Ce désengagement de l’État a pour conséquence la disparition des emplois de terrain, comme nous le constatons dans l’Eure, et la perte d’un service d’accompagnement de proximité des communes, indispensable pour l’exercice de leur mission d’intérêt général et une gestion de la qualité de leur patrimoine forestier.
Ces mesures ont véritablement des conséquences contradictoires avec les ambitions affichées par le Gouvernement et les exigences de la lutte contre le changement climatique.
En conséquence, alors que les assises de la forêt et du bois ont été lancées et seront closes fin janvier, nous souhaiterions être rassurés et en savoir un peu plus sur vos intentions quant à l’avenir de l’ONF et de ses missions pour la gestion durable de nos massifs communaux et domaniaux.
Mme le président.
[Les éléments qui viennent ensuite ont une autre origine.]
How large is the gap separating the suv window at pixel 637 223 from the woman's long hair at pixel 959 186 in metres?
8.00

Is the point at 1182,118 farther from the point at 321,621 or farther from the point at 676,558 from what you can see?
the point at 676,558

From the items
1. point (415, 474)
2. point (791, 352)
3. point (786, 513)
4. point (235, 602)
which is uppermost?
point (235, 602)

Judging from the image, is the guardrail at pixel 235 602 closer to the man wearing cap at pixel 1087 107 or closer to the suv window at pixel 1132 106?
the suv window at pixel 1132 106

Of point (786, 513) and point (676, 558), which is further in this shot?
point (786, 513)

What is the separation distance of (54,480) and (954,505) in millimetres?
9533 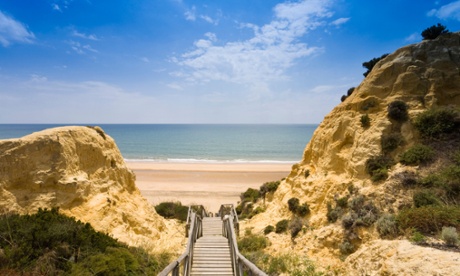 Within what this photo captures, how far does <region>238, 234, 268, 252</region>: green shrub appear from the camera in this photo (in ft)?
37.4

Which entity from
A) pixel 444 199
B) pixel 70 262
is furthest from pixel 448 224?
pixel 70 262

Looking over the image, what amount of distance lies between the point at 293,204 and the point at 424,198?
240 inches

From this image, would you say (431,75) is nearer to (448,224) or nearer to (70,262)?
(448,224)

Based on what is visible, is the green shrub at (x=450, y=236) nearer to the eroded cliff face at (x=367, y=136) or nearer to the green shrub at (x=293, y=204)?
the eroded cliff face at (x=367, y=136)

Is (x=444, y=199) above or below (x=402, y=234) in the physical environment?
above

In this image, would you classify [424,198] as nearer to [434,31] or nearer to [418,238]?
[418,238]

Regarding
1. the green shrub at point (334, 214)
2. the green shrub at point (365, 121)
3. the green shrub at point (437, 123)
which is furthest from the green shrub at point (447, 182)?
the green shrub at point (365, 121)

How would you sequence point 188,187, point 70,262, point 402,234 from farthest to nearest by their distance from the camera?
1. point 188,187
2. point 402,234
3. point 70,262

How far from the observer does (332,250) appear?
9.38 m

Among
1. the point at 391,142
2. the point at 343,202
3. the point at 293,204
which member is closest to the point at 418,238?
the point at 343,202

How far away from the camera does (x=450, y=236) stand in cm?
578

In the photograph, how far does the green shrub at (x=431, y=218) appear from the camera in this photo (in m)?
6.64

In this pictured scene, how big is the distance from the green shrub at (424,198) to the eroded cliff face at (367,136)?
0.56 m

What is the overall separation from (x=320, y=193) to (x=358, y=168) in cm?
232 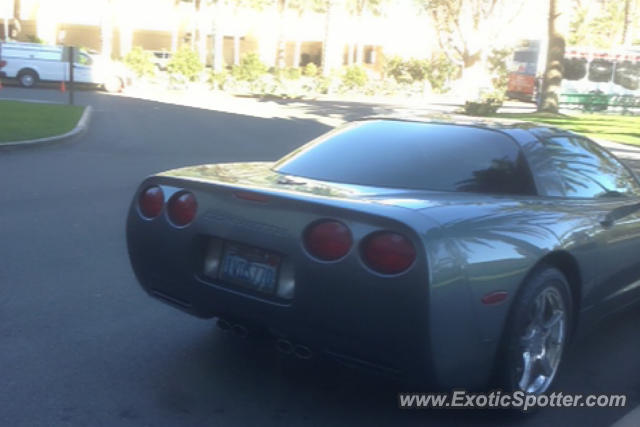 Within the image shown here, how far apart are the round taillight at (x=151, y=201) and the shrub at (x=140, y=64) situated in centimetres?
3543

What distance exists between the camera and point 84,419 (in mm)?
3812

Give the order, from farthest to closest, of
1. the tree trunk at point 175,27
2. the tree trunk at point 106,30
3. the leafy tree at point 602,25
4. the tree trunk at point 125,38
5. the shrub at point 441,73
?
the leafy tree at point 602,25, the tree trunk at point 175,27, the tree trunk at point 125,38, the shrub at point 441,73, the tree trunk at point 106,30

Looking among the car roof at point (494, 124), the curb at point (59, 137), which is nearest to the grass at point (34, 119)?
the curb at point (59, 137)

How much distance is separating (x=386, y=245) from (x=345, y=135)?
5.64ft

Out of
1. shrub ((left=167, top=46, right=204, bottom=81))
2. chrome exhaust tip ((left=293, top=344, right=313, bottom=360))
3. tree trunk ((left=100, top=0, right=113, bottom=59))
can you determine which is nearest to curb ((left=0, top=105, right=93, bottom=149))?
chrome exhaust tip ((left=293, top=344, right=313, bottom=360))

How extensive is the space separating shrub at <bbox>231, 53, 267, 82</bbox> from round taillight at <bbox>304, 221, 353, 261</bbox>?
35.8 meters

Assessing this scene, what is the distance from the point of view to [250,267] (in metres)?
3.94

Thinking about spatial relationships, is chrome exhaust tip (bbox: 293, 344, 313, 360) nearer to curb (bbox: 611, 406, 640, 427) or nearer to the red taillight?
the red taillight

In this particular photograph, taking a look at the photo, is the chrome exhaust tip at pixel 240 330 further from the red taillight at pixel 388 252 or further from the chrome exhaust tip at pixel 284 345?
the red taillight at pixel 388 252

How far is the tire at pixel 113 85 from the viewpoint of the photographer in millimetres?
34031

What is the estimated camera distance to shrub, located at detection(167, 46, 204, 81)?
Result: 38.5m

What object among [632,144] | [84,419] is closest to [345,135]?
[84,419]

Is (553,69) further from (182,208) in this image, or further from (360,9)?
(360,9)

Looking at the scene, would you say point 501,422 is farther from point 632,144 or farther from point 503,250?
point 632,144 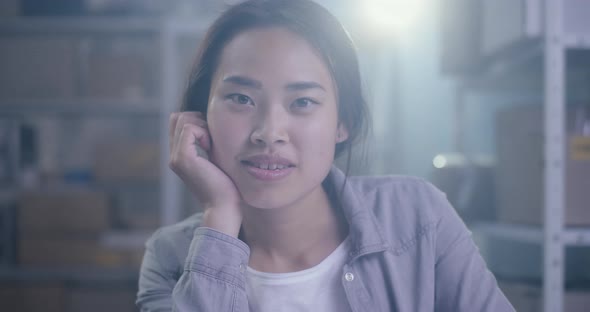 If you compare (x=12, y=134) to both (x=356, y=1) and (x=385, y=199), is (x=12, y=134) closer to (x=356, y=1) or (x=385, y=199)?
(x=356, y=1)

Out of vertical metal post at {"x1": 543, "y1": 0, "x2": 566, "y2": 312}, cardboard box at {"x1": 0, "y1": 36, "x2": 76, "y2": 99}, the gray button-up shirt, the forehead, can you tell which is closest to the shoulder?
the gray button-up shirt

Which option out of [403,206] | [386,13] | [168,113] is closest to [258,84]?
[403,206]

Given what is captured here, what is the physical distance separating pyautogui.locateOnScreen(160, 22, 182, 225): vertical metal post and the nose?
137 cm

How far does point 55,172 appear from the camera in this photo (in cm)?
249

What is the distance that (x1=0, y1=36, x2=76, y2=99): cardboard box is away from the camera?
2344 millimetres

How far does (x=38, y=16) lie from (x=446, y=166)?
2.02m

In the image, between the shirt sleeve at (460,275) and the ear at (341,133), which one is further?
the ear at (341,133)

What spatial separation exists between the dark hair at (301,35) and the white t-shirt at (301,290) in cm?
23

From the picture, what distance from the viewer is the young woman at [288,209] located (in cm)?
82

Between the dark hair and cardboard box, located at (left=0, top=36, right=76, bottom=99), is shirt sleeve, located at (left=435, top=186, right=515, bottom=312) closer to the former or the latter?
the dark hair

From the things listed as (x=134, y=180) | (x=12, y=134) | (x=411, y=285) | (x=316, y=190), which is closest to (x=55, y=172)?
(x=12, y=134)

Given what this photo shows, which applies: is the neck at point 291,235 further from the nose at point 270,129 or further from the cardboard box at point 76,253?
the cardboard box at point 76,253

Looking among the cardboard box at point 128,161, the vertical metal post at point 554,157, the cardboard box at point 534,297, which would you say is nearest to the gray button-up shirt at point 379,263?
A: the vertical metal post at point 554,157

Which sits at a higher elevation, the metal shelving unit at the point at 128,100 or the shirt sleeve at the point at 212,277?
the metal shelving unit at the point at 128,100
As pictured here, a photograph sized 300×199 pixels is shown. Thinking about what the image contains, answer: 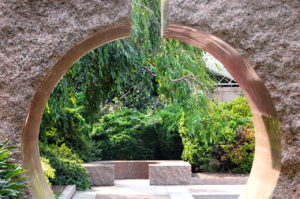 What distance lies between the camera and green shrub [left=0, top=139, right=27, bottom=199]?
3182 millimetres

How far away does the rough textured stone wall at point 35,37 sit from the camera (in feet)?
11.1

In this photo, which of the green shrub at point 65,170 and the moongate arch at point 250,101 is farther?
the green shrub at point 65,170

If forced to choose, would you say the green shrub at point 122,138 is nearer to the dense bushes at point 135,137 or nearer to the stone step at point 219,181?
the dense bushes at point 135,137

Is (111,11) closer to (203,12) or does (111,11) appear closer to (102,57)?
(203,12)

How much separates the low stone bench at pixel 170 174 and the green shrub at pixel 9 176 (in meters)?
7.54

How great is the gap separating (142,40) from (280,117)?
15.3ft

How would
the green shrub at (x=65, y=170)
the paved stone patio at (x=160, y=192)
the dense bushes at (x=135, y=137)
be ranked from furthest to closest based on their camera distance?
the dense bushes at (x=135, y=137) → the green shrub at (x=65, y=170) → the paved stone patio at (x=160, y=192)

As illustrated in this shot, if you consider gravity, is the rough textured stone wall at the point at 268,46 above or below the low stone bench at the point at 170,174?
above

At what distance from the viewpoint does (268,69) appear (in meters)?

La parole est à M. le ministre.
M. Julien Denormandie, ministre de l’agriculture et de l’alimentation. Madame la sénatrice, agir en responsabilité, c’est assumer à la fois assumer d’investir, mais aussi de régler les difficultés lorsqu’elles surgissent.
L’ONF est un office incroyablement précieux dans notre pays, pour les forêts domaniales et communales. Je connais bien cette maison, étant moi-même ingénieur forestier. Je saisis d’ailleurs l’occasion qui m’est donnée pour saluer celles et ceux qui y travaillent.
Vous dites que l’État se désengage des politiques forestières, alors même qu’il investit, vous l’avez dit dans votre question, plus de 200 millions d’euros dans le plan de relance à ce titre. Et, en bout de course, 800 millions d’euros seront consacrés à la forêt si l’on prend en compte France 2030. Vos propos me paraissent donc un peu caricaturaux, et non conformes à la réalité.
L’État investit massivement dans la politique sylvicole. Sa vision est très claire : la forêt doit être protégée et cultivée. Pour nombre de nos concitoyens, c’est un atout sociétal qu’il faut développer.
Parallèlement, l’État, en responsabilité, doit faire face aux difficultés que traverse l’office.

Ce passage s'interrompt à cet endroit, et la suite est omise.